| Prompt |
Without the pictures, repeat the listing character for character.

| Listed entries |
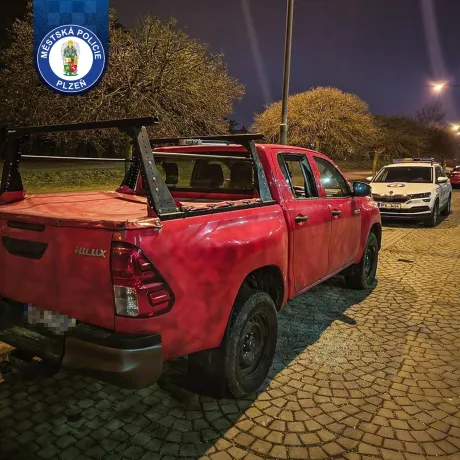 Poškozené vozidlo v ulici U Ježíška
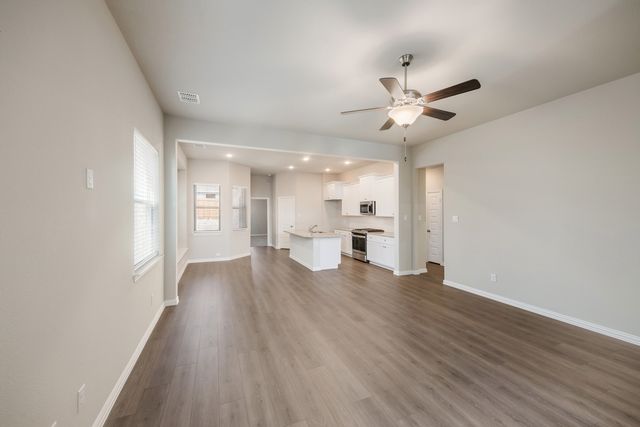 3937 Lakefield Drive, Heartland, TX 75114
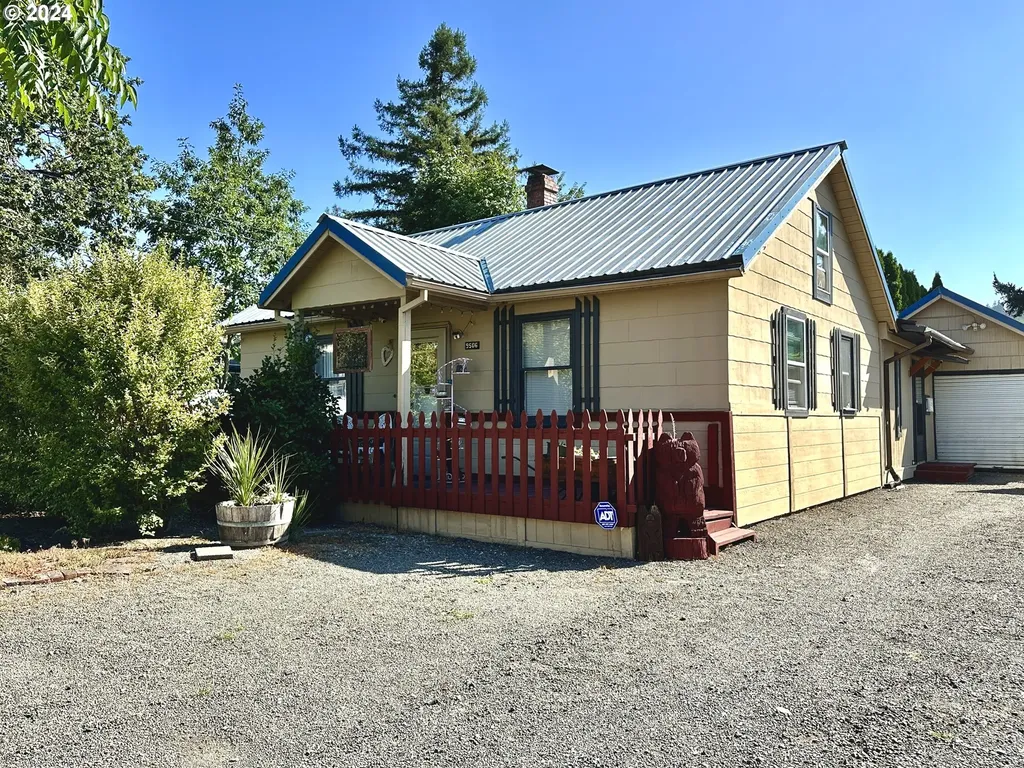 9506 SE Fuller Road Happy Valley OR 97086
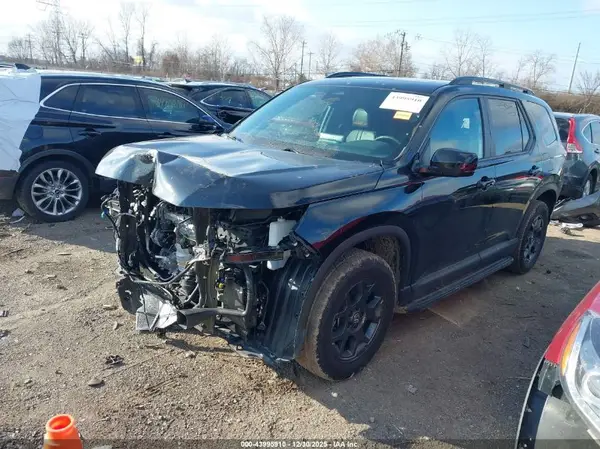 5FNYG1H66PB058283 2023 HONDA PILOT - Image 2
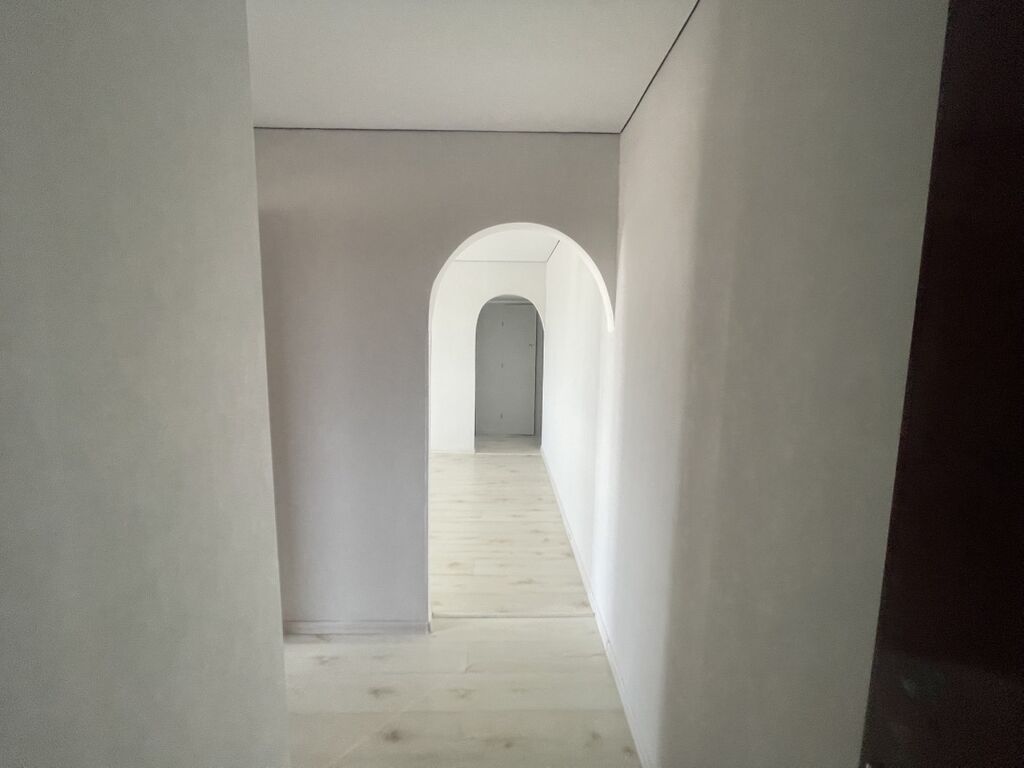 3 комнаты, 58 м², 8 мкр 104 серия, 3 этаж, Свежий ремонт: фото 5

| Written response |
 Poškozené vozidlo v ulici U Ježíška
 3937 Lakefield Drive, Heartland, TX 75114
 9506 SE Fuller Road Happy Valley OR 97086
 5FNYG1H66PB058283 2023 HONDA PILOT - Image 2
 3 комнаты, 58 м², 8 мкр 104 серия, 3 этаж, Свежий ремонт: фото 5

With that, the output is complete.